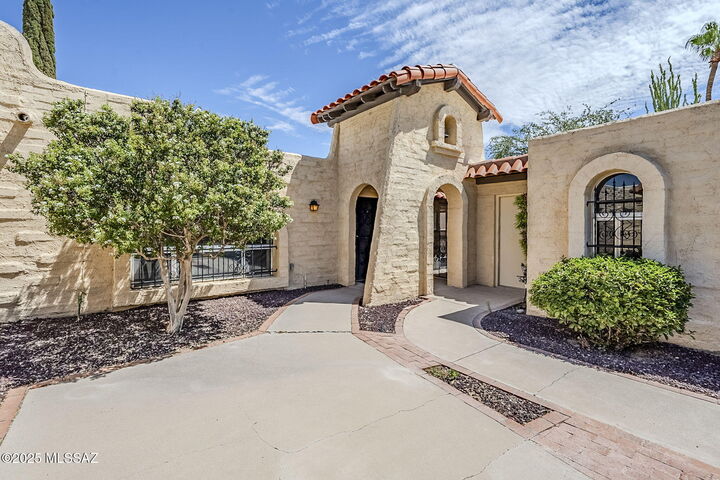 Property Photo:  660 W Placita Nueva  AZ 85614 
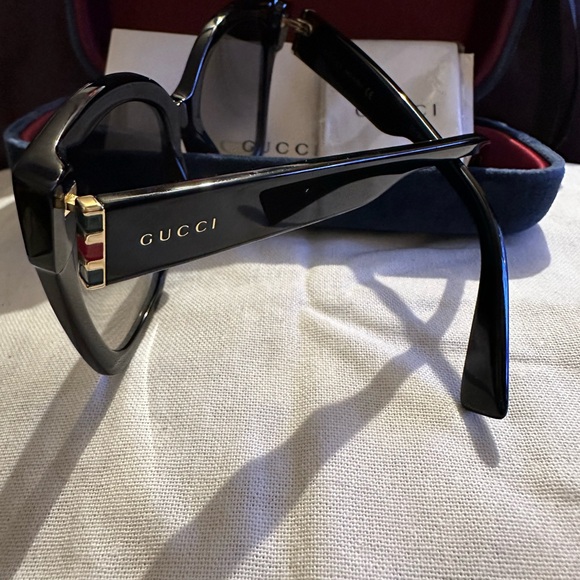 Meet your Posher, Leoni - Picture 8 of 11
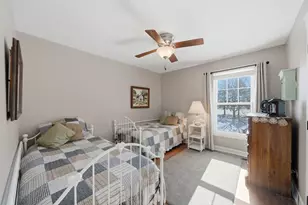 11N215 Capulet Cir, Elgin, IL 60124 - Photo 19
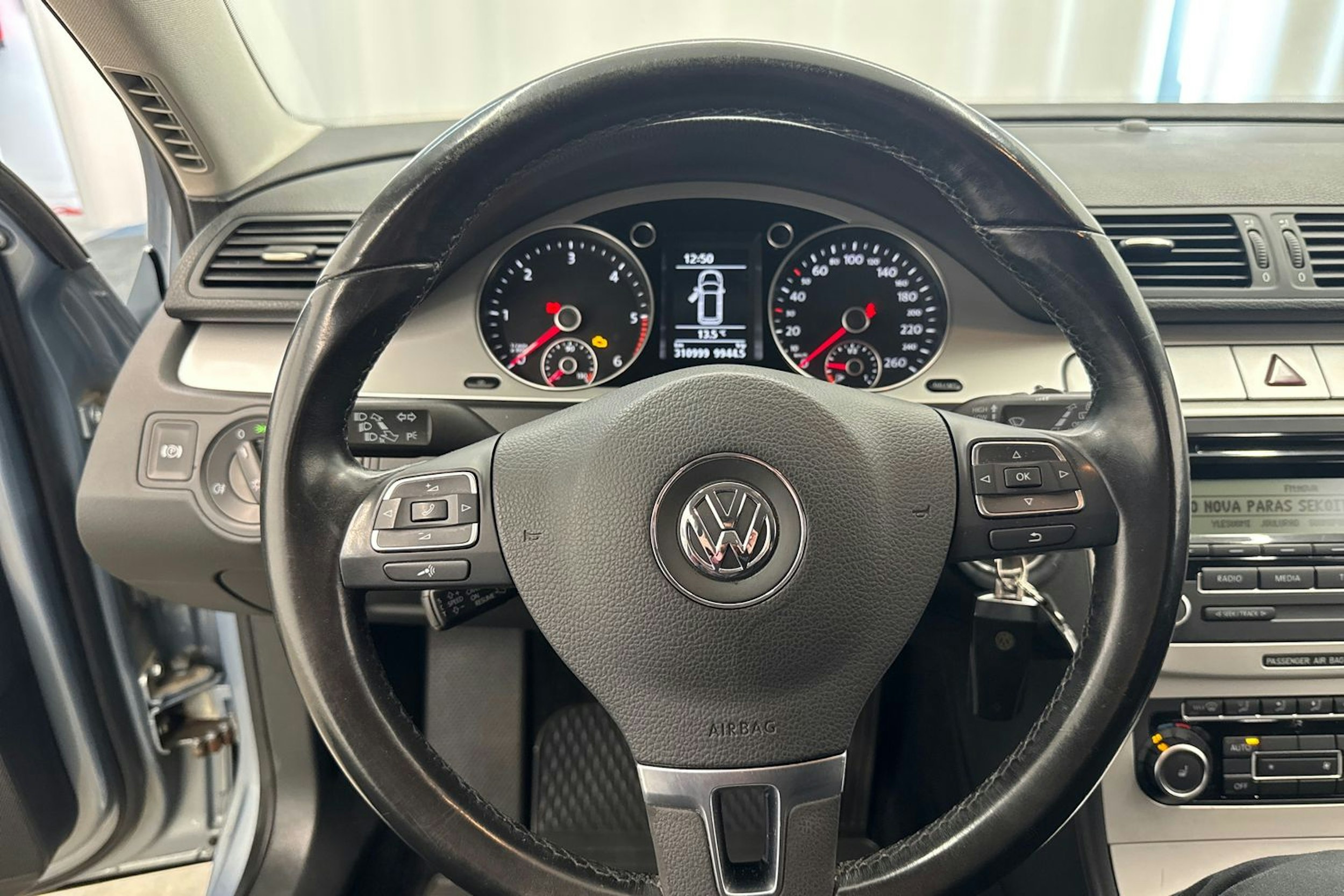 Harmaa Volkswagen PASSAT 2010 kuva 23.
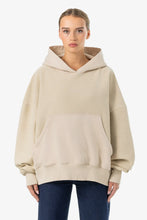 Lade das Bild in den Galerie-Viewer, PEGADOR ESTELA INSIDE-OUT OVERSIZED HOODIE LIGHT BEIGE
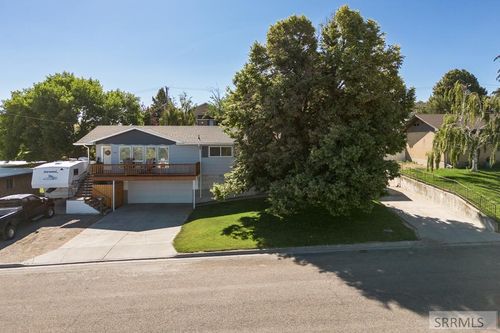 609 Calder Ave, American Falls, ID, 83211-1353 | Card Image
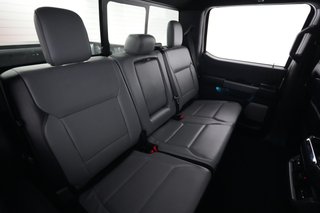 2023 Ford F-150 Lightning — photo 4 of 17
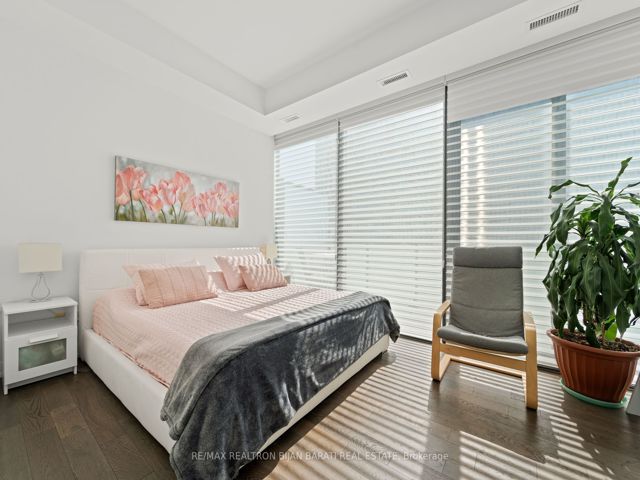 PH 02 - 185 Roehampton Ave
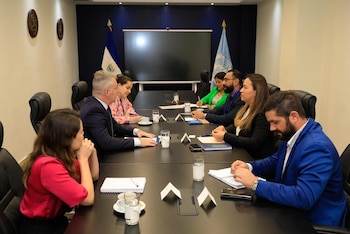 La coordinación con representantes de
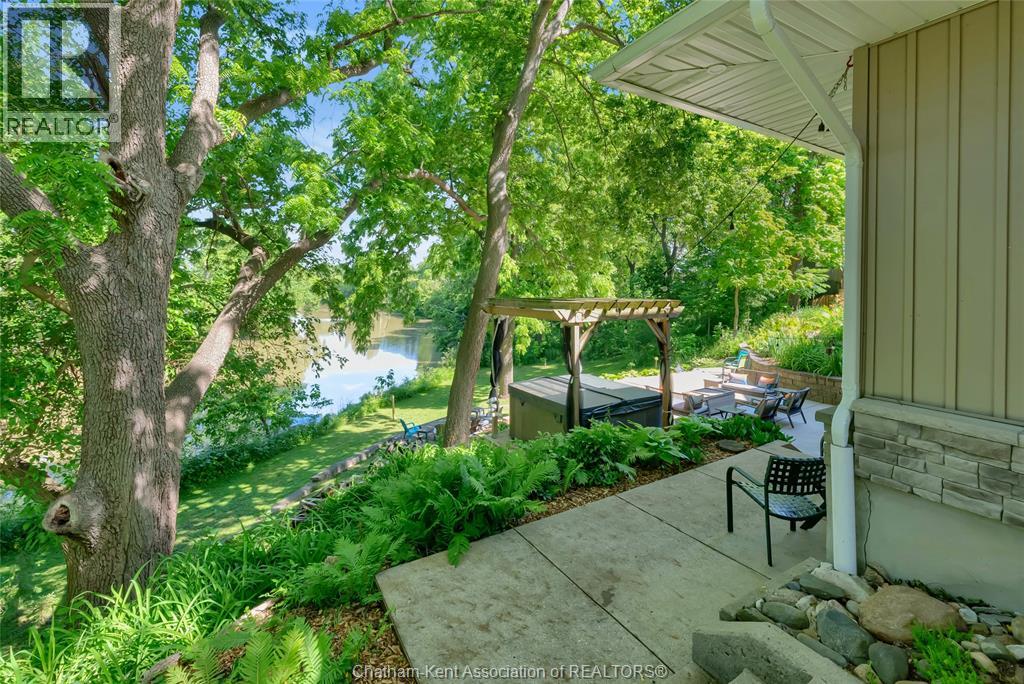 472 SYDENHAM STREET - Image 4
☆ ☆ ☆ ☆
Only one stretch of the listing above is to be duplicated: the lines from the one containing "Lade das Bild" through the one containing "La coordinación con representantes de", both included. Copy them exactly, minus the pictures.

▶ [WRITTEN ANSWER]
 Lade das Bild in den Galerie-Viewer, PEGADOR ESTELA INSIDE-OUT OVERSIZED HOODIE LIGHT BEIGE
 609 Calder Ave, American Falls, ID, 83211-1353 | Card Image
 2023 Ford F-150 Lightning — photo 4 of 17
 PH 02 - 185 Roehampton Ave
 La coordinación con representantes de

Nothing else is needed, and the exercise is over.